Three years ago, Jimi Smith, one of the most well-known pool photographers in the industry, had never even seen an infinity-edge pool.
Three years ago, Smith was living on St. Thomas and working in commercial diving for Miami Diver, Inc., when a friend called him up for his first pool photography job. Smith knew his way around a camera—he graduated from the University of Georgia’s fine art photography program in 2005.
Smith had also gotten degrees in music, physics, and engineering, and his interest in photography blossomed when his mom bought a Minolta camera and left it up to her engineer son to get the camera up and running.

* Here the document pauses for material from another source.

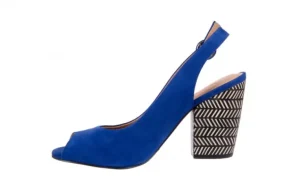 Sandały -067 113216 Nobuck Lake, Granat, Skóra naturalna | Bayla Outlet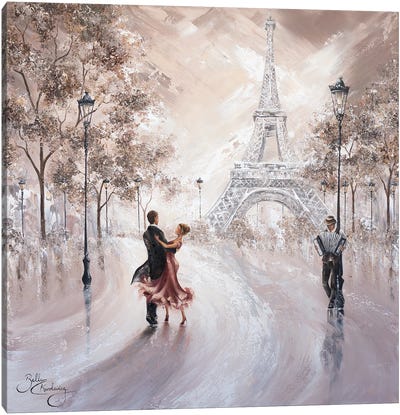 Only Us, Paris Flair II Canvas Art Print - The Eiffel Tower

Now, Smith stays booked and busy year-round, with industry elites like Ryan Hughes and Shane LeBlanc calling on him to make their stunning poolscapes look even better. Smith’s unique process for shooting pools, involving multiple exposures and artificial lighting, sets his work apart. You know when a photograph doesn’t do justice to a grand landscape? His do. In fact, his work has appeared on four Luxury Pools + Outdoor Living covers since he started photographing pools, including the current issue.
“The uniqueness of what I do is I take all those images and I layer them together,” says Smith. This allows his shots to have both a reflection off the pool’s surface and a blurred water feature, a brightly lit nighttime pool scene and a sharp fire feature. He might layer thirty shots together for just one photograph. “I kind of came up with my own way to shoot pools that nobody really takes the time to do,” he says.
He shoots for luxury designers and volume builders alike, considering no job too big or too small. “Since I started I’ve doubled business and revenue every year,” says Smith, “and this year’s by far been the busiest year I’ve ever had.” Despite the state of the economy at large, the pool industry is booming.
Recently, Smith helped co-found a nonprofit called Mule Men—“the slogan is ‘you load the wagon, we do the rest,’” he says. Mule Men takes goods or money from point A to point B, helping to facilitate donations from folks who have the means to give but aren’t sure where to start. One of his recent projects helped a storm-ravaged community on Dominica in the Caribbean. Instead of gathering supplies to ship to the island, he ran a GoFundMe, exchanged the funds for local currency, and bought the supplies on the island, further helping the local economy.